Abstract
Big Two is a popular multiplayer card game in Asia. This research proposes a new method, named rule-based AI, for an agent playing Big Two. The novel method derives rules based on the number of cards the AI agent has left and the control position. The rules for two to four cards left are used to select the card combination to discard based on the number of cards remaining in the agent’s hand. The rules for more than four cards left conditionally prioritize discarding the card combination in the classified cards with lower priority. A winning strategy provides guidelines to guarantee that the AI agent will win when a win is achievable within three moves. We also design the rules for the AI agent without control for holding cards and splitting cards. The experimental results show that our proposed AI agent can play Big Two well and outperform randomized AI, conventional AI, and human players, presenting winning rates of 89.60%, 73.00%, and 55.05%, respectively, with the capability of maximizing the winning score and minimizing the number of cards left when the chance of winning is low.
Highlights
Developing an agent for playing a strategy game is crucial [1]
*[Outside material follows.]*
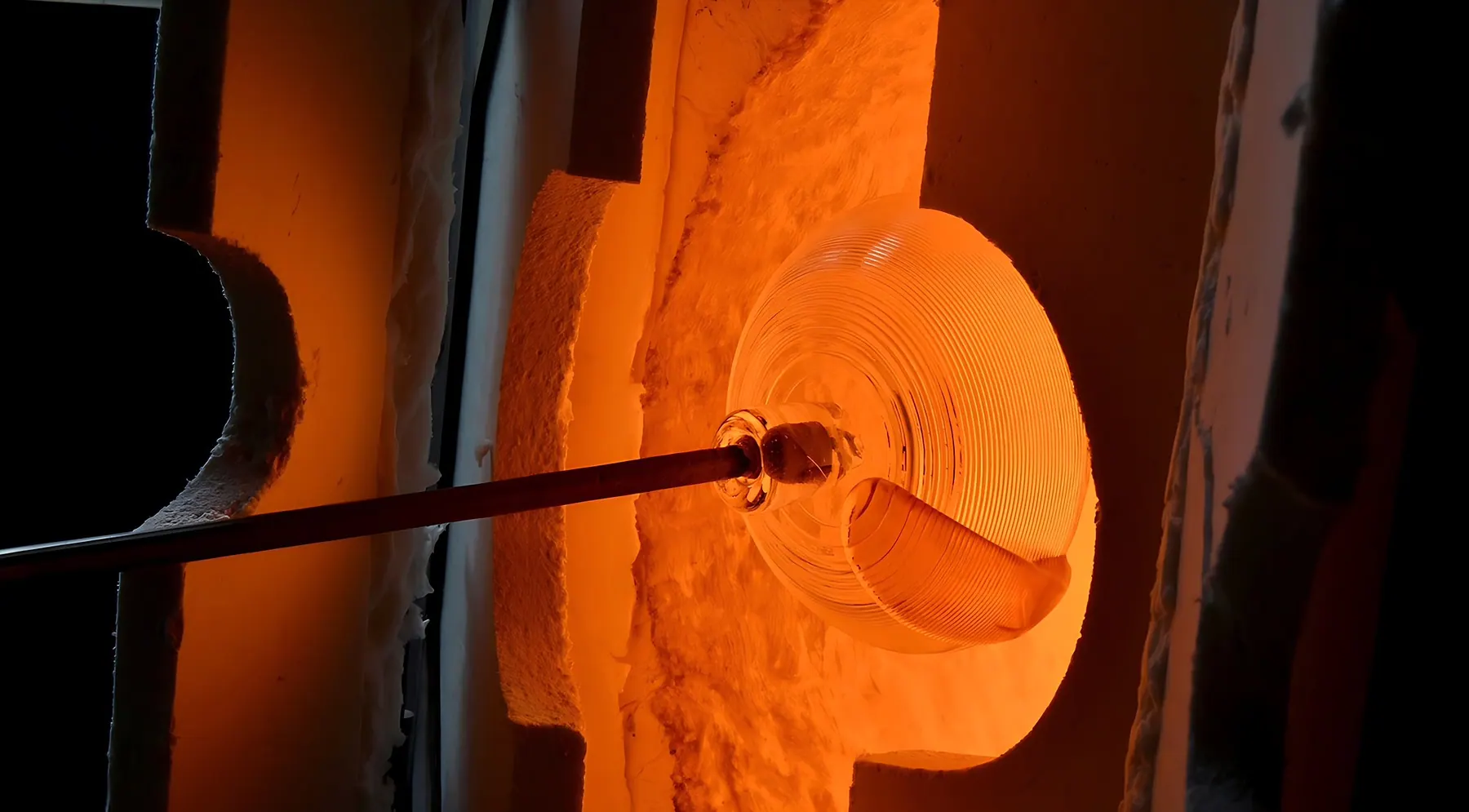 Glowing gather of molten glass on a blowpipe inside a glass furnace, Sipek Crystal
The experimental results show that our artificial intelligence (AI) agent plays well and significantly outperforms every opponent in all the experiments that have been conducted
We performed three experiments to evaluate the performance of our rule-based AI agent
Summary
Developing an agent (artificial player) for playing a strategy game (e.g., chess, mahjong, and Big Two) is crucial [1]. Big Two is a multiplayer card game that is incredibly popular in China and other Asian countries This game has many rule variations, it has one primary aim: each player has 13 cards and tries to discard them all as soon as possible based on valid card combinations. This research proposes a new method, named rule-based AI, for an agent playing Big. Two. Our proposed AI with several rules achieved high winning rates; further research can use this rule-based AI as a baseline player or consider these rules when defining policies for new methods. This AI could potentially be used to give hints to beginners or players hesitating about their turn.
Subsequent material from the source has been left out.